Horticulture Research 9,
Article number: uhab016 (2022)
doi: https://doi.org/10.1093/hr/uhab016
Views: 395

Received: 16 Oct 2020
Revised: 25 Aug 2021
Accepted: 02 Sep 2021
Published online: 20 Jan 2022

Abstract

In the current study, we used a grapevine cell line in which actin filaments are labeled by GFP to show that aluminum causes actin remodeling through activation of NADPH oxidase in the plasma membrane, followed by activation of phytoalexin synthesis genes. Elimination of actin filaments by latrunculin B disrupts gene activation and inhibition of MAPK signaling by the inhibitor PD98059. Interestingly, aluminum also induces the transcription of ISOCHORISMATE SYNTHASE, a key enzyme for the synthesis of salicylic acid, as well as PR1, a gene that is known to be responsive to salicylic acid. However, while salicylic acid responses are usually a hallmark of the hypersensitive response, aluminum-triggered defense is not accompanied by cell death. Both actin remodeling and gene activation in response to aluminum can be suppressed by the natural auxin indole acetic acid, suggesting that the actin response is not caused by nonspecific signaling.

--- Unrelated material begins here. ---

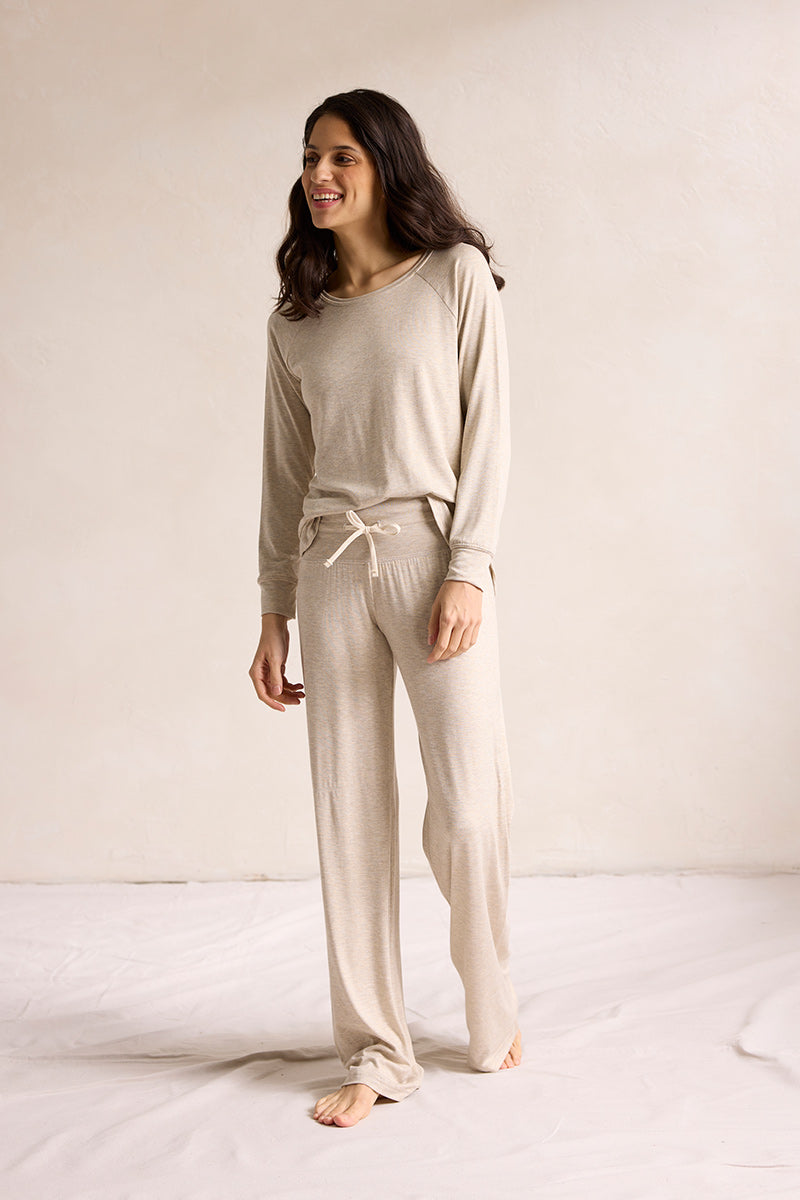 Lynn is 5'8", typically wears a size 2/4 and is wearing a size S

Further evidence for the specificity of the aluminum-triggered activation of phytoalexin synthesis genes comes from experiments in which plant peptide elicitors induce significant cellular mortality but do not evoke induction of these transcription. The response in grapevine cells can be recapitulated in grapevine leaf discs from two genotypes contrasting in stilbene inducibility. Here, aluminum can induce accumulation of the central grapevine phytoalexin, the stilbene aglycone trans-resveratrol; this is preceded by a rapid induction of transcription for RESVERATROL SYNTHASE and the regulating transcription factor MYB14. The amplitude of this induction reflects the general stilbene inducibility of these genotypes, indicating that the aluminum effect is not caused by nonspecific toxicity but by activation of specific signaling pathways. The findings are discussed in relation to a model in which actin filaments activate a specific branch of defense signaling, acting in concert with calcium-dependent PAMP-triggered immunity. This pathway links the apoplastic oxidative burst through MAPK signaling with the activation of defense-related transcription.